*** Data excerpt Section Begins ***

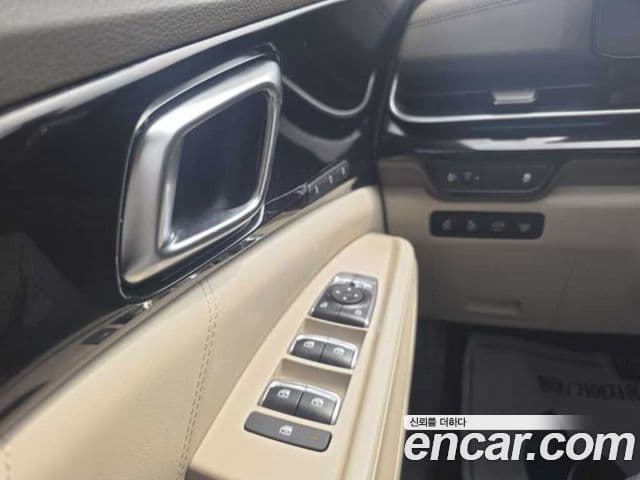 Kia Carnival 2024 — Şəkil 12/18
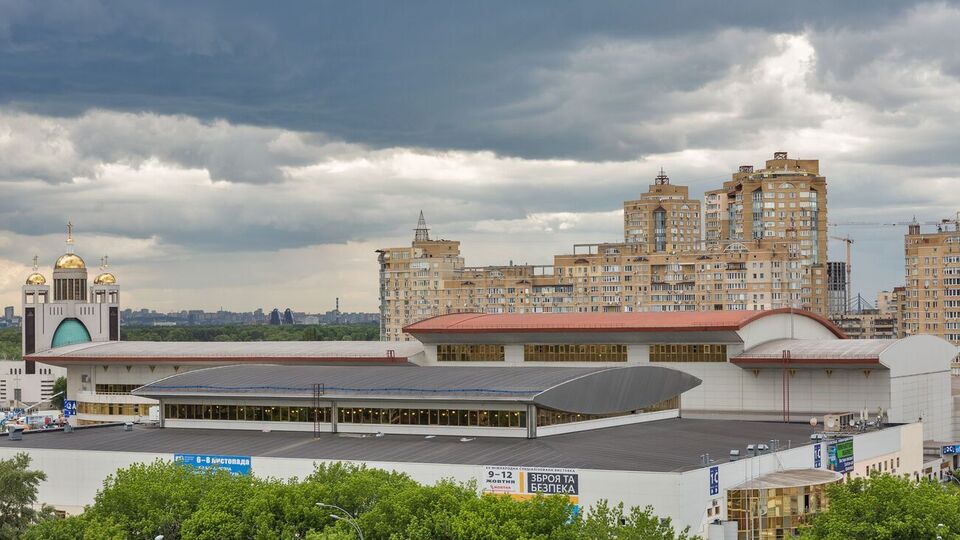 Международный выставочный центр находится в районе станции метро "Левобережная"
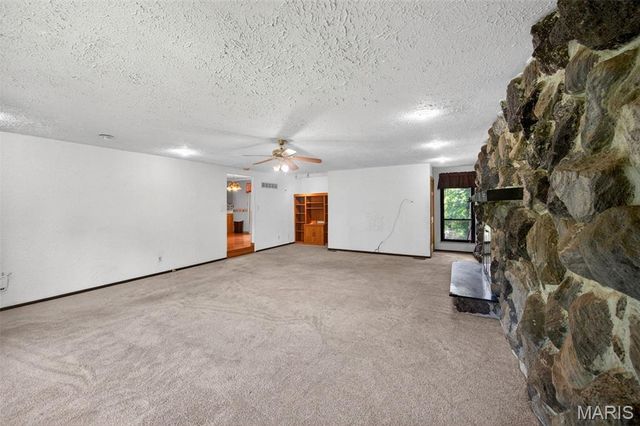 2034 Raintree Drive, Imperial, MO 63052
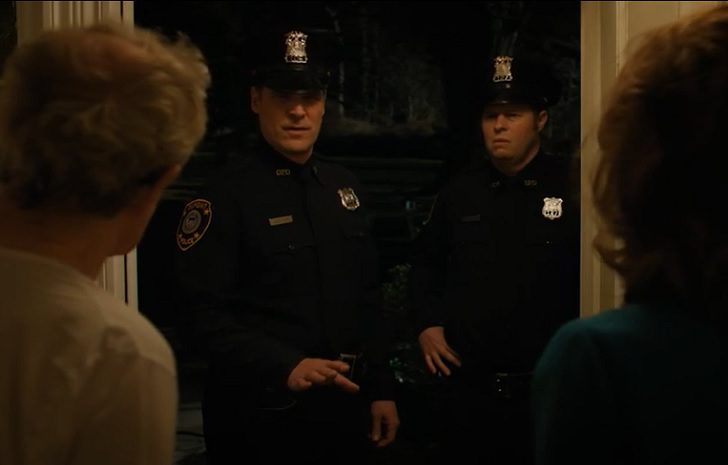 Crisis in six scenes 1x02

*** Data excerpt Section Ends ***

#### Goal of the exercise
Only the pictures should be left out; the rest of the material above must be repeated exactly.

#### Output
 Kia Carnival 2024 — Şəkil 12/18
 Международный выставочный центр находится в районе станции метро "Левобережная"
 2034 Raintree Drive, Imperial, MO 63052
 Crisis in six scenes 1x02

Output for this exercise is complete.